(Pictures with short captions)

===============

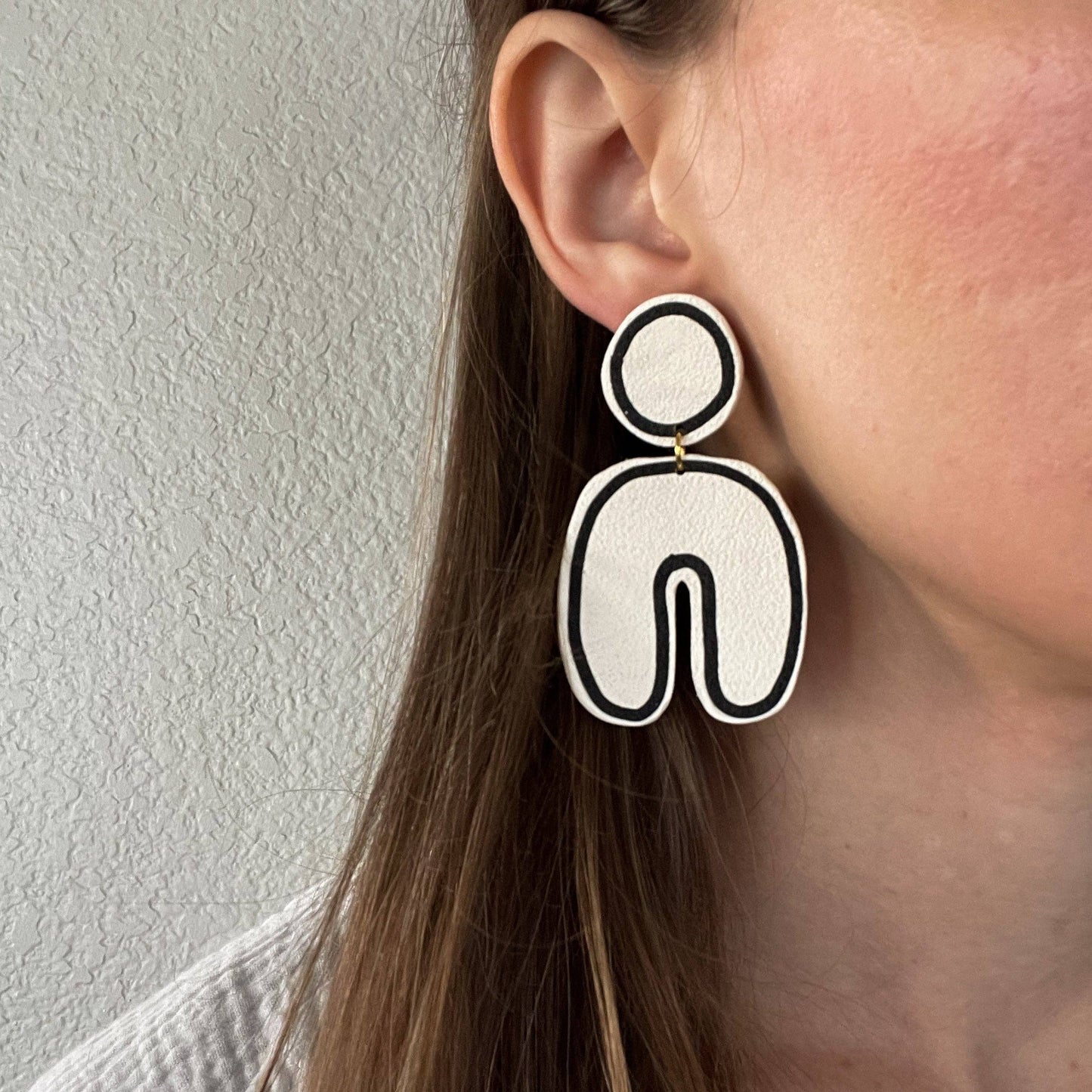 Black and white Post and dangle earrings with round port and u shaped dangle. Close up on brown haired model and white wall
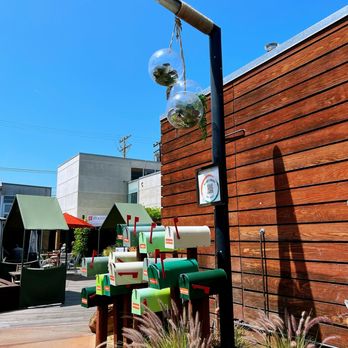 Milk & Honey - a street corner with mail boxes and a street light - Coffee & Tea Near Me - Costa Mesa, California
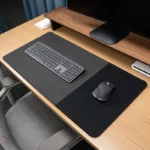 Charcoal executive leather desk mat with a black fabric mouse area in a minimalist office setup with keyboard on the left section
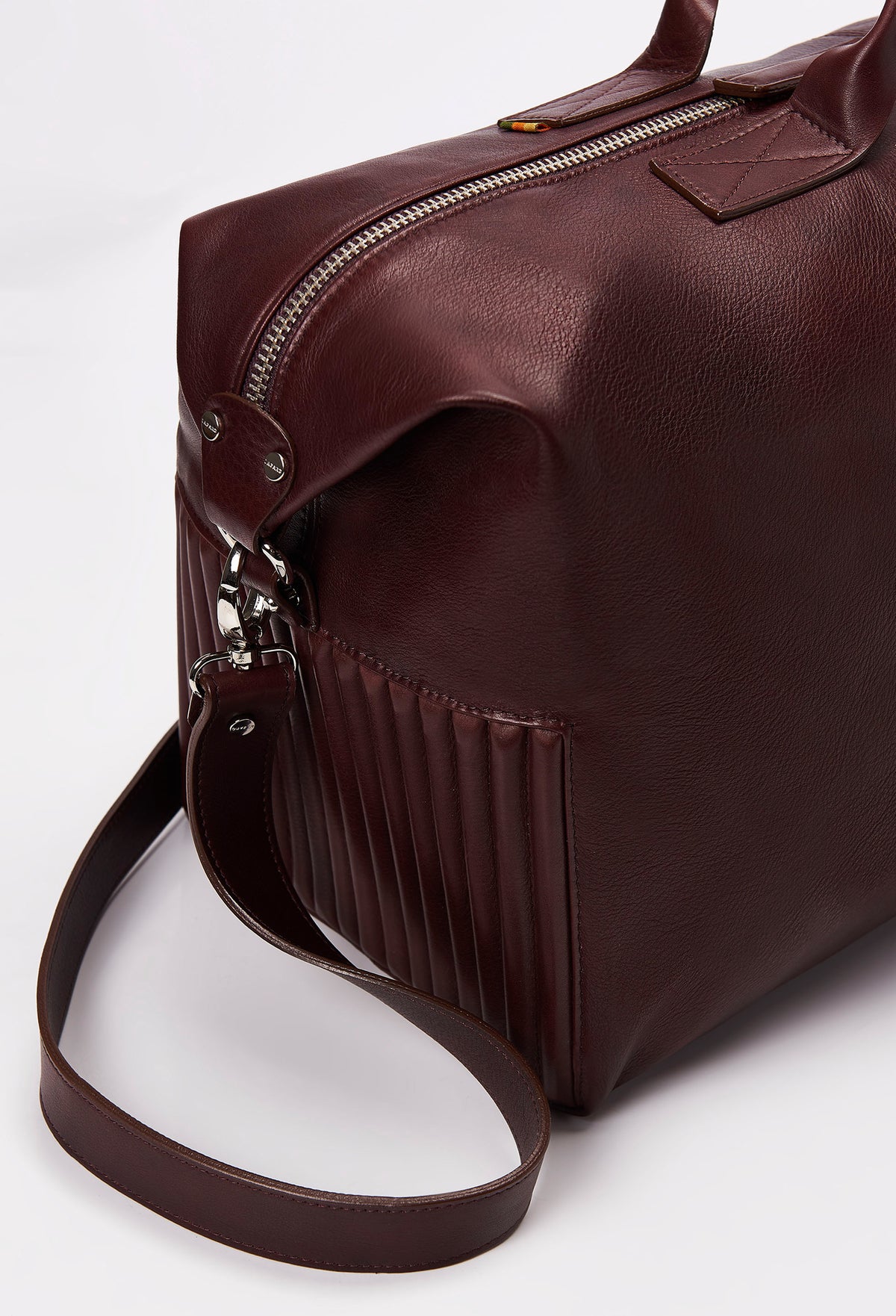 Partial photo of a Coffee Leather Duffel Bag with needlework on the sides, a zippered main compartment, and a detachable leather shoulder strap.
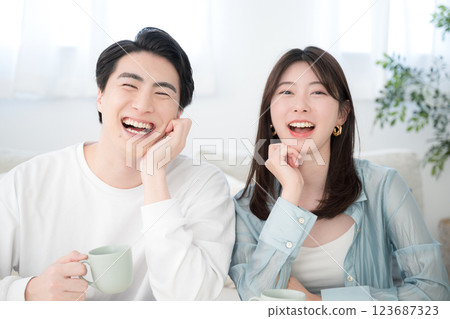 Smiling young couple in the living room, looking at the camera, laughing and looking happy Smiling young couple in the living room, looking at the camera, laughing and looking happy 123687323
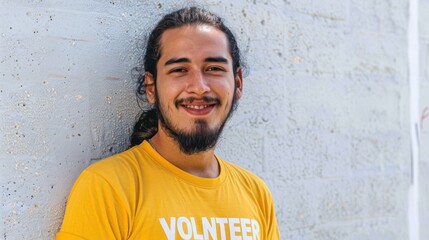 Fototapeta premium Smiling man with beard wearing yellow t-shirt with 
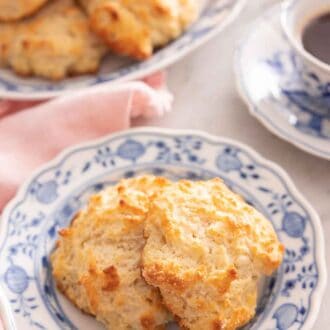 Pinterest graphic of a plate with two drop biscuits.
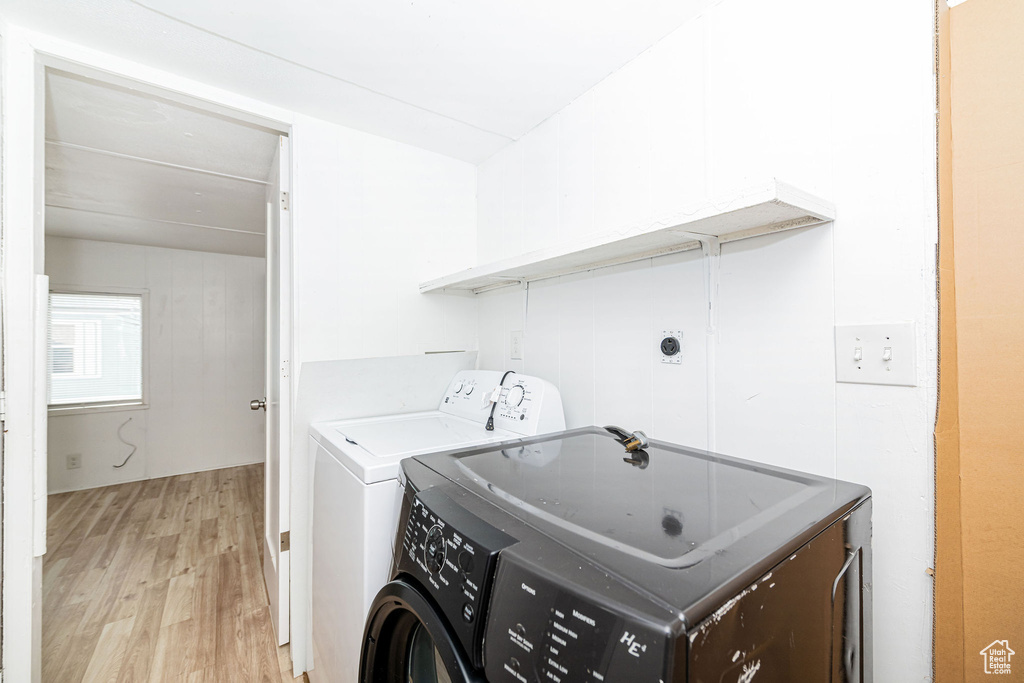 Washroom featuring washer and clothes dryer and light wood finished floors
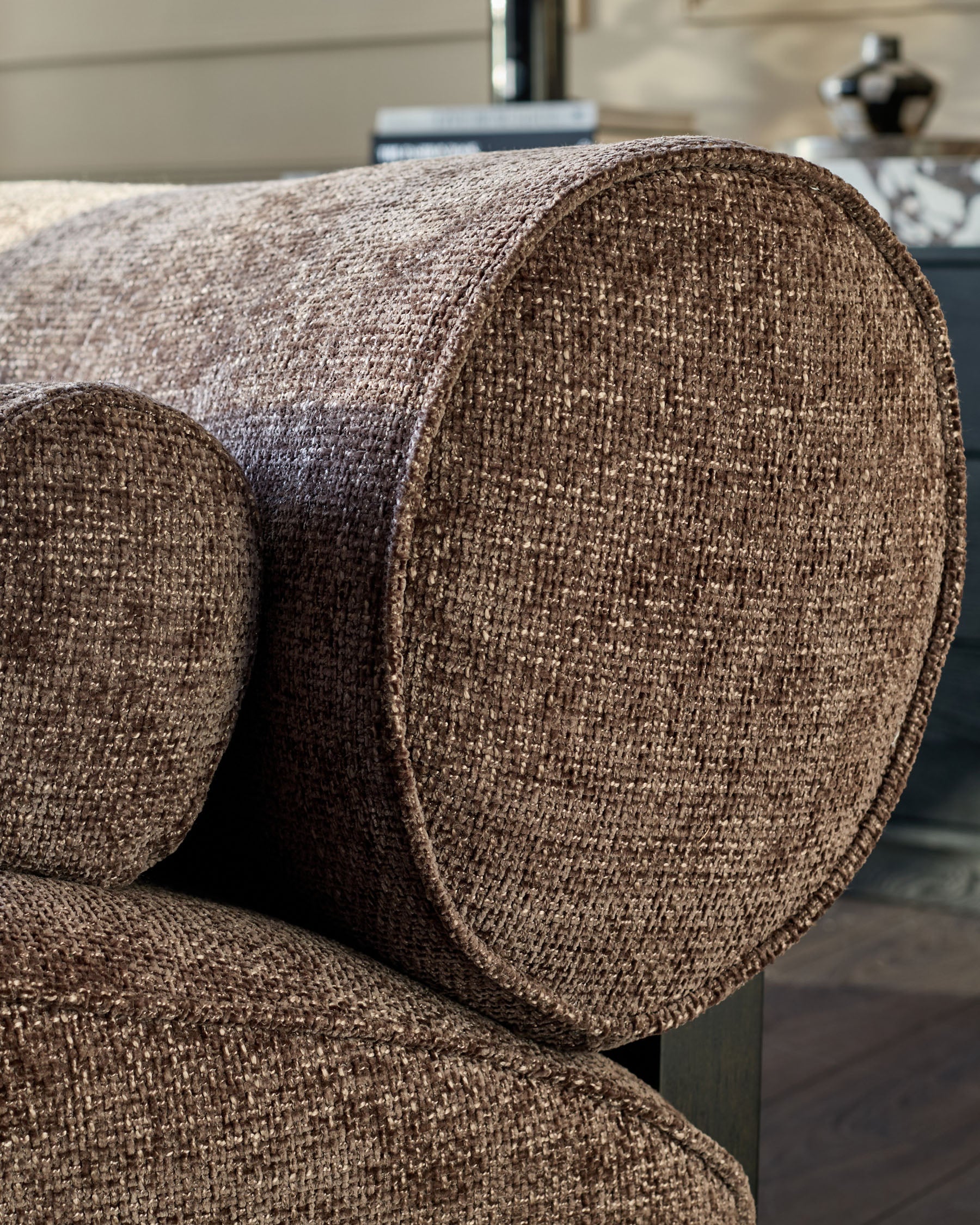 Sofia 3-seater sofa in mocha fabric, close-up detail of curved armrest and woven texture.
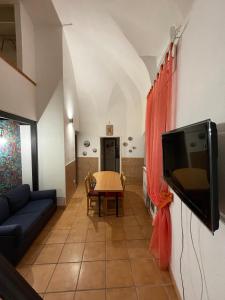 - un salon avec une télévision et une table dans l'établissement Guarracino P. Capodimonte Suite, à Naples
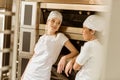 young female bakers leaning on industrial oven at baking manufacture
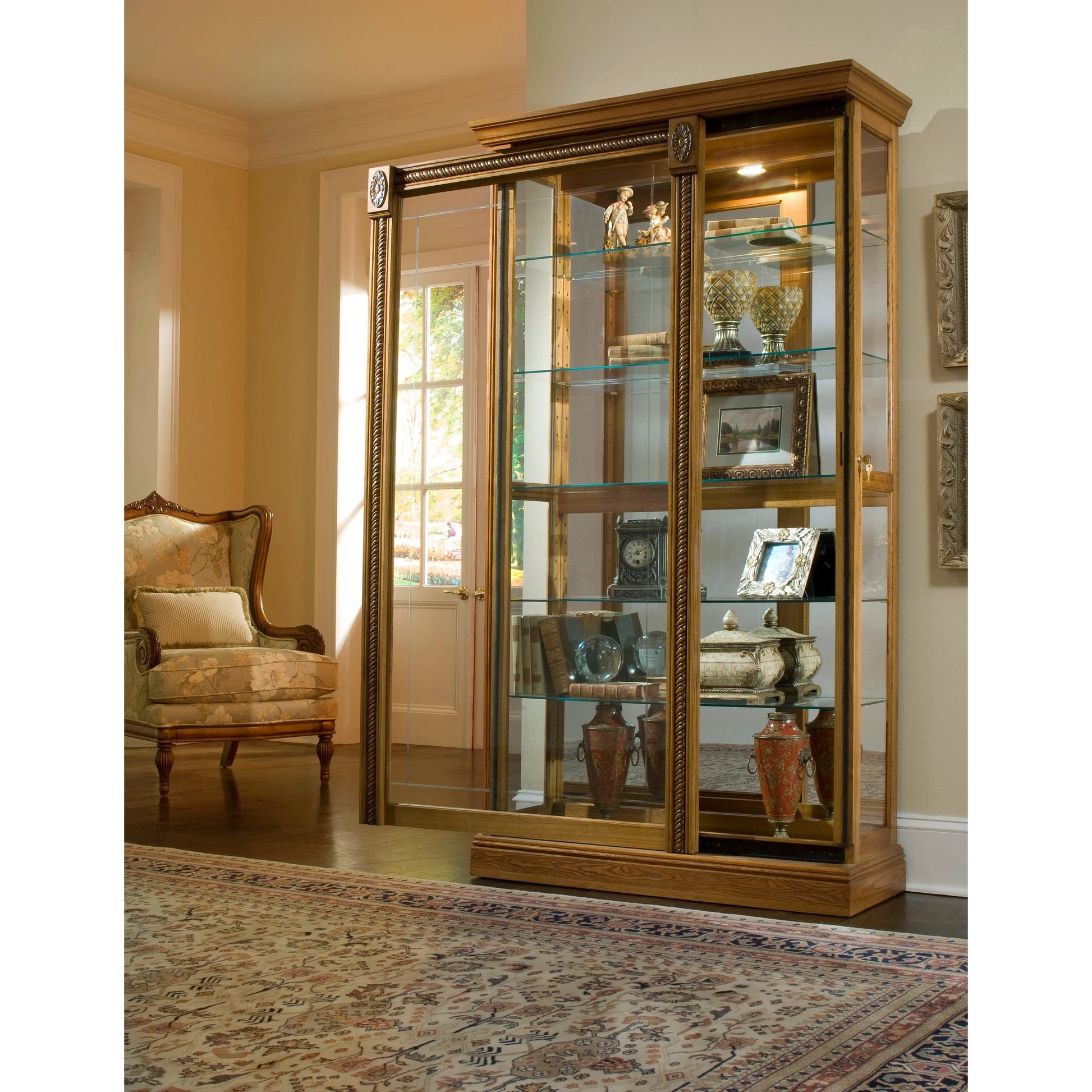 43'' Wide Hardwood Two Way Sliding Door Curio Cabinet in Warm Honey by Pulaski Furniture in warm honey-tone. Made from hardwood solids in a traditional style.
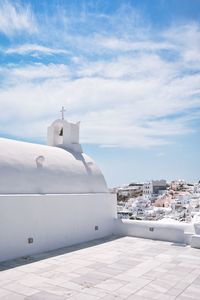 Chapel and buildings against cloudy sky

===============

## Directions
Please write out, exactly, every line from the line with "Sofia 3-seater sofa" through the final line of the data above, leaving out pictures.

## Solution
 Sofia 3-seater sofa in mocha fabric, close-up detail of curved armrest and woven texture.
 - un salon avec une télévision et une table dans l'établissement Guarracino P. Capodimonte Suite, à Naples
 young female bakers leaning on industrial oven at baking manufacture
 43'' Wide Hardwood Two Way Sliding Door Curio Cabinet in Warm Honey by Pulaski Furniture in warm honey-tone. Made from hardwood solids in a traditional style.
 Chapel and buildings against cloudy sky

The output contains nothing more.